**TASK BRIEF:**
The output should hold exactly, and only, the lines from the line bearing "[뷰티] 서초피부과 코조각주사 2회차 후기 (내돈내산)" through the last line of the listing below, and no pictures.

**DATA SHOWN:**
= = = =
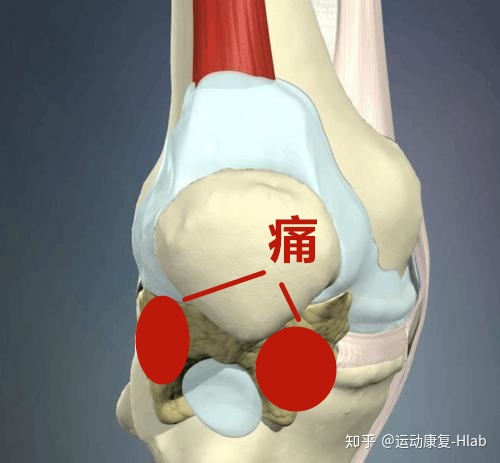 怎么判断膝关节错位超全膝关节疼痛地图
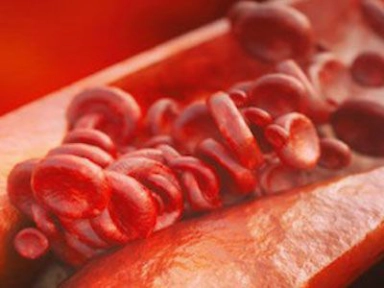 ΟΔΗΓΙΕΣ ΓΙΑ ΤΗΝ ΑΝΑΣΥΣΤΑΣΗ ΚΑΙ ΤΗ ΧΟΡΗΓΗΣΗ ΤΟY CABLIVI®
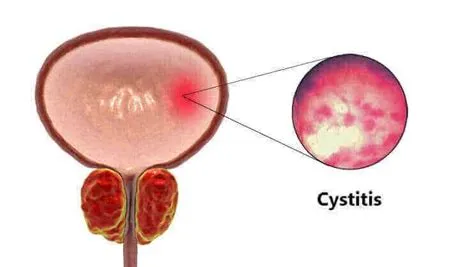 सिस्टाइटिस (Cystitis - मूत्राशय की सूजन)
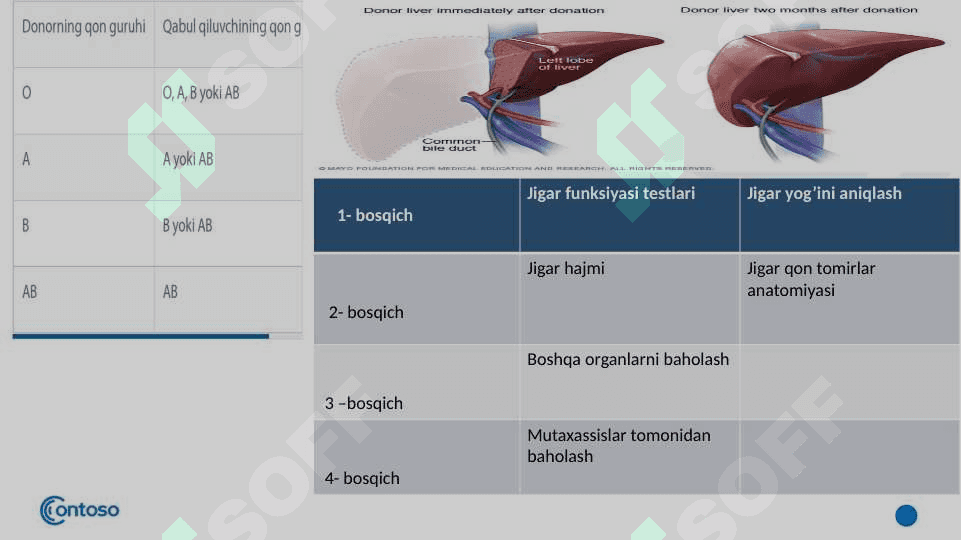 Jigar transplantatsiyasi. 8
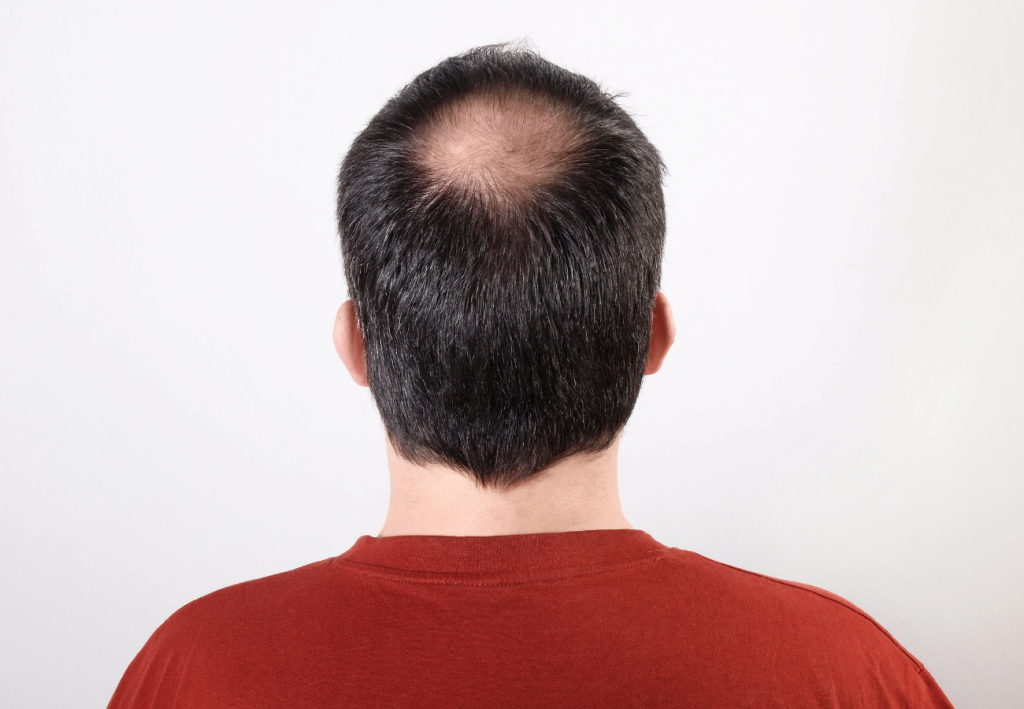 caída del cabello en hombres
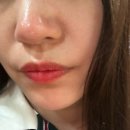 [뷰티] 서초피부과 코조각주사 2회차 후기 (내돈내산)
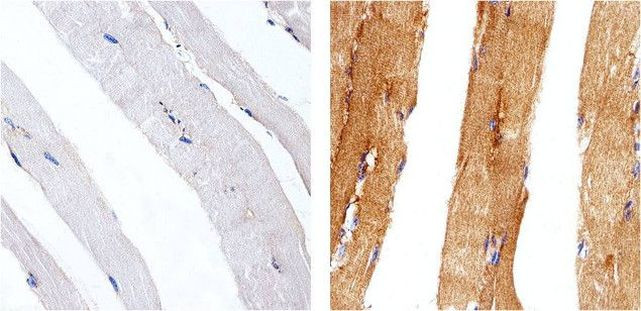 Metadherin Antibody in Immunohistochemistry (Paraffin) (IHC (P))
= = = =
**RESPONSE TO THIS EXERCISE:**
 [뷰티] 서초피부과 코조각주사 2회차 후기 (내돈내산)
 Metadherin Antibody in Immunohistochemistry (Paraffin) (IHC (P))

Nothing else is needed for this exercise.